Why are some people crazy

Really sick or normally crazy: where does crazy start?

What some dismiss as mood swings, others define as disorder. The number of diagnoses is growing. Insane, says a psychiatrist.

The number of psychiatric diagnoses is growing. And with it those of the people who take pills. Image: dpa

When the psychiatrist Allen Frances was younger, he once suggested adding a new classification to the catalog of psychiatric diseases: masochistic personality disorder. “It should be for people who do self-destructive things,” recalls the professor emeritus from Duke University in North Carolina, whom the New York Times calls the most influential psychiatrist in the United States.

When Frances was later responsible for the system that determines psychiatric disorders in the United States, and sets it down every few years in a psychiatry manual called the DSM, he said no. “Absolutely not,” says Frances. Such a masochistic disorder should not be included in it. It would harm people. Namely those who are wrongly labeled as sick.

The psychiatrist has now reached 70. And now that the fifth version of the Diagnostic and Statistical Manual of Mental Disorders, the bible of the psychiatrists' guild in the United States, is coming out, he is downright fighting it. Although he was still responsible for the previous version himself.

More dangerous than medication

"New diagnoses are more dangerous than new drugs," says Frances in the taz.am weekend. Because once they were in the world they would also be actively diagnosed. The number of people labeled as ill and those with stigma is growing. "Before a new diagnosis is introduced, it should actually be subjected to the same tests as new drugs."

The cover story "Where does the wrong start?", A photo reportage about the drug war in Mexico and a sonntaz dispute on the question "Does tax law create fraudsters?" read in the new taz. on the weekend of 11./12. May 2013. Also included: Three carrot recipes by Sarah Wiener. At the kiosk, eKiosk or even with a weekend subscription.

This new Handbook of Psychiatric Disorders will appear at the end of May. Psychiatrists all over the world, including Germany, have struggled for years to find out which new psychiatric diseases should be introduced into them (and how the old ones should be redefined). For example, it was about the question of whether a category like “psychosis risk” is needed. If they existed, teenagers could be given a label while they were still in school that would change their entire life.

Then there would be the boy whom you better be a little careful with. It could be that ...

Or the girl who, of course, is acting a little weird right now. You also know where that comes from.

Changed lives

Psychiatric diagnoses can change lives. And they can secure substantial profits for the pharmaceutical industry. Because their developers look through every additional manual very carefully to see which new disorder a drug would be suitable for.

The proponents of the psychiatry standard work not only see a danger in all the new disorders: The diagnosis key is also becoming finer, they say.
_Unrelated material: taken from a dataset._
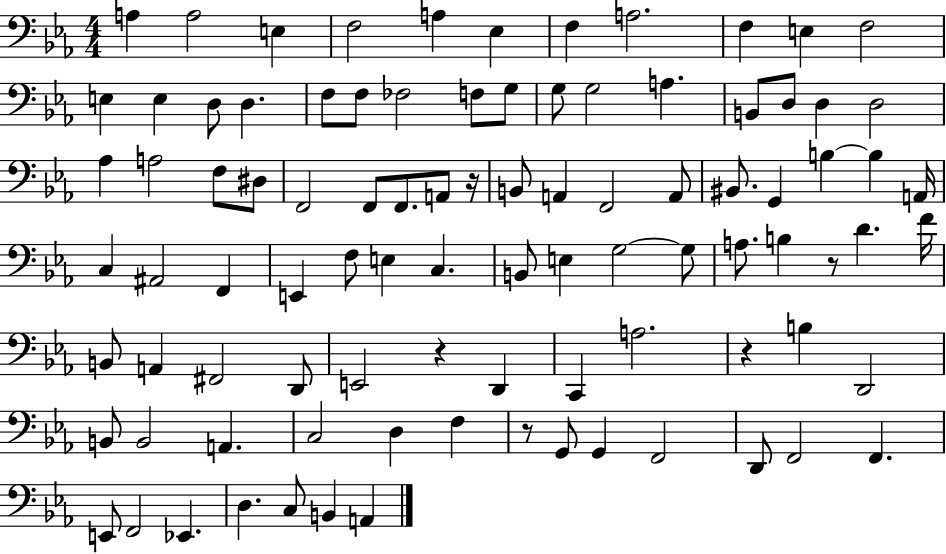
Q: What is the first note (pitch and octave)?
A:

And don't more detailed diagnoses help the patient?

Isn't it also the case that many people nowadays are really asking for a diagnosis? Even those who are not really mentally ill. We have the impression that something is wrong with us and would like to be able to name it. We look for a label for our problems, we google for diagnostic keys. We want that too. Or?

All nonsense? You should be happy when you're halfway well? After all, the imaginary mentally ill only block the places in the doctor's offices that the really depressed people need - as the psychiatrist Allen Frances criticizes? And isn't he right? Does this mania for diagnosis create way too many nonsensical treatments that nobody would need - that might even harm?

What do you mean? Discuss here on taz.de.

You can read the cover story “Where does it start?” In the new taz.am weekend from 11./12. May 2013.